The next three questions once again belonged together. « Was it hard for you to talk about it? » was the first one, to which 41% answered « yes » and 30% « rather, yes » (amounting to a total of 71%, a decreasing but still significant figure), while 20% of them responded « not really » and 9% a clear « no » (an encouraging increase). « Did you feel like you were listened to? ». The reactions to this one were rather even as 21.9% of the candidates answered « yes » and 35.4% « rather, yes » (the highest figure) while 21.9% responded « not really » and 20.8% a clear « no » (which is also quite a high figure). The last of this set of questions read « Do you feel like you were understood? », a slight nuance that led to a slight shift in the results since 21.9% of subjects answered « yes » and 29.6% « rather, yes », while 33.7% of them responded « not really » (now the highest figure) and 21.4% a clear « no ».
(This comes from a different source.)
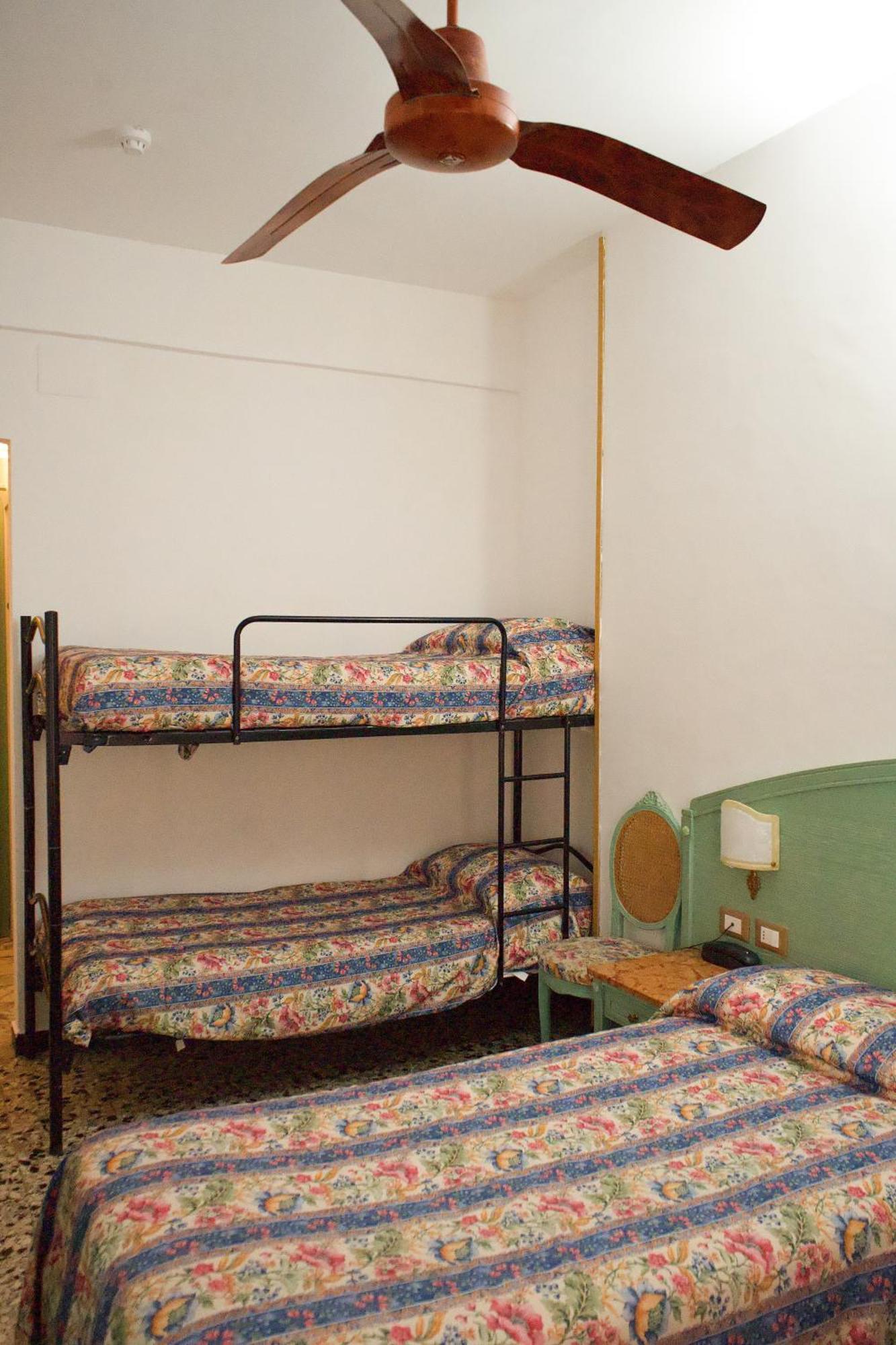 Hotel Magnolia Albenga Zewnętrze zdjęcie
The eighth question was once again an open question, as it asked « Do you think talking about your suffering could damage… » and suggested several options, to which you could also add your own. It appeared that 61.6% of respondents thought it could damage their image, while an astonishing 80.8% of them responded it could harm their credibility as PhD candidates. 59.9% of them answered it could be detrimental to their academic career. And only 8.1% of them responded it could not harm them. However, it is noticeable that one person (out of 100) stood out amongst these results, declaring that « he/she felt admirably listened to and cared for ».
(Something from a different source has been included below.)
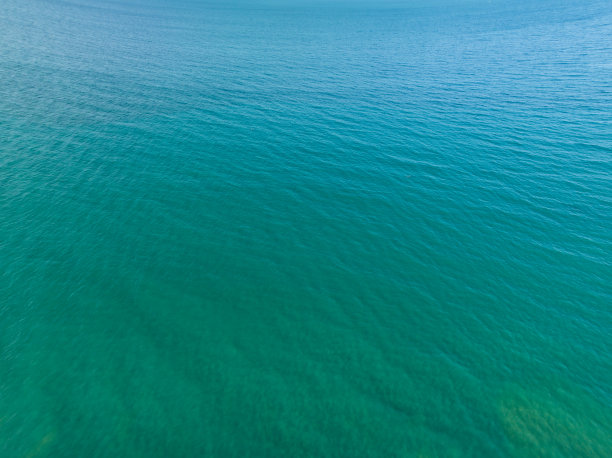 海面鸟瞰图，鸟瞰照片，俯视图海浪和水面纹理，绿色的大海背景，美丽的自然景观，惊人的海景海洋背景图片下载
The last two questions finally got to the bottom of the issue. « Do you think that physical/psychological health is a taboo subject in academia? ». To this question, 64% of subjects answered « yes » and 27% « rather, yes » (which adds up to an impressive total of 91%), while 7% of them responded « not really » and 2% a clear « no ». At last, the final question was meant as a call for action: « If so, would you like to be able to raise this issue more freely in the academic milieu? », to which 1% of them responded a clear « no », while a substantial 83.9% of respondents answered « yes » and 15.1% « rather, yes » (for a nearly unanimous total of 99%).